Will: Well, that's what I'm trying to clarify. The Independent State Legislature doctrine holds that the state legislature is independent of state law. The idea is, they are specially delegated power by the federal elections clause. They have this federal function and they're independent and the court rejects that. Court says, "No, state legislatures are not independent of state law. They act pursuant to the state constitution." Now, what the court says is that said, it is still the legislature that has to act, not somebody else.
Dan: Yeah.
Will: And so, we do have to keep an eye. It's the non-Independent State Legislature doctrine. It's just the state legislature doctrine.
Dan: They don't even go as far as the kind of Baude-McConnell view. Well, you said the courts can never draft the districts, right?
Will: I think the core thing they say is very much consistent with the core point we make, which is, we called it, I still recommend this name, the constitutional state legislature doctrine. So, state legislatures are constrained by their constitution, but it is still the legislature. So, there's nothing fishy about engaging in ordinary judicial review to make sure the state constitution is complying is concerning state legislature, but at some point, some kinds of decisions could involve the state court usurping the legislature's functions.

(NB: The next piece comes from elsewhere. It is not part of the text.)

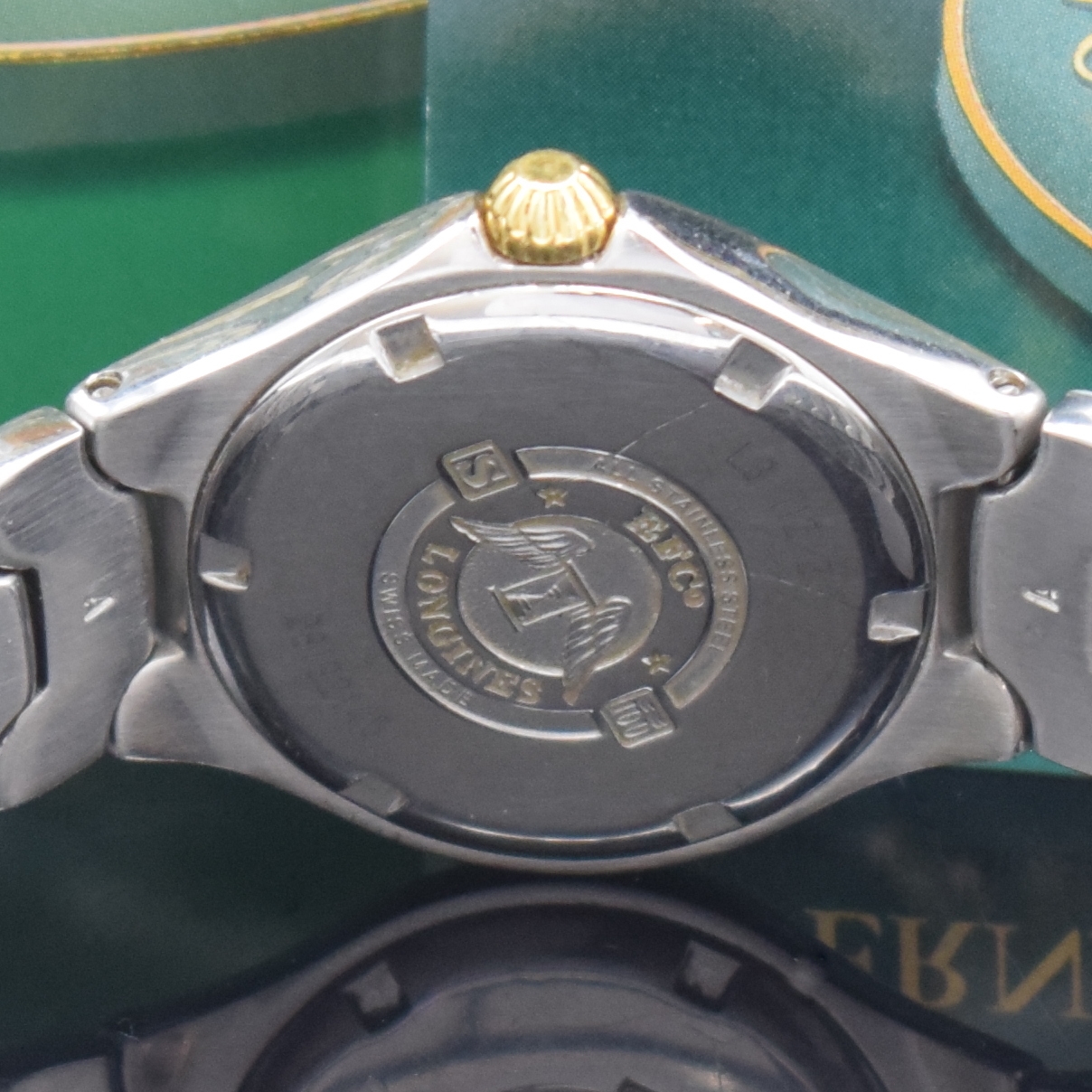 Detail c: LONGINES sportliche Damenarmbanduhr Referenz L3.112.3, quarz, z. T. verg. Edelstahlgeh. inkl. Gliederband m. dopp. Faltschl., Boden verschr., ...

One of the things we said in that article, which is not cited by the court and presumably not read by the court, and it's opinion by the Chief Justice. So, it of course, does not cite our article. One of the things that we said is one example of that would be, if a state court decision was so wrong that the only real interpretation is that they're usurping the state legislature's function and the court reserves that possibility and analogizes it to these other areas of law we've talked about, like criminal law, where the state courts change criminal law so much that we say it's actually an ex post facto law taking clause, Due Process Clause, etc.
Now, we also said in our article that another example of violating this principle would be if the state court were to draw their own maps. The court says in a footnote, there's some additional questions about the remedial maps here that we don't have to get into in light of the procedural posture of the case. So, I think it is officially reserved whether or not the other implication of the Baude-McConnell thesis is correct. But if you read the opinion, it's obvious that we're correct. The court says is, "State courts can engage in ordinary judicial review." And what we said in our article was exactly that. Like, "If state courts decide something is unconstitutional, they can engage in ordinary favorability analysis to figure out what to do instead, but they can't do something not ordinary." Just like in a normal judicial review case when the statute is unconstitutional, the court doesn't just say, "All right, you have a year to draft a new statute. If you don't, we're going to draft one." There's just some severability principle they apply. I think that's very much where the court would go in a maps case but they don't say that.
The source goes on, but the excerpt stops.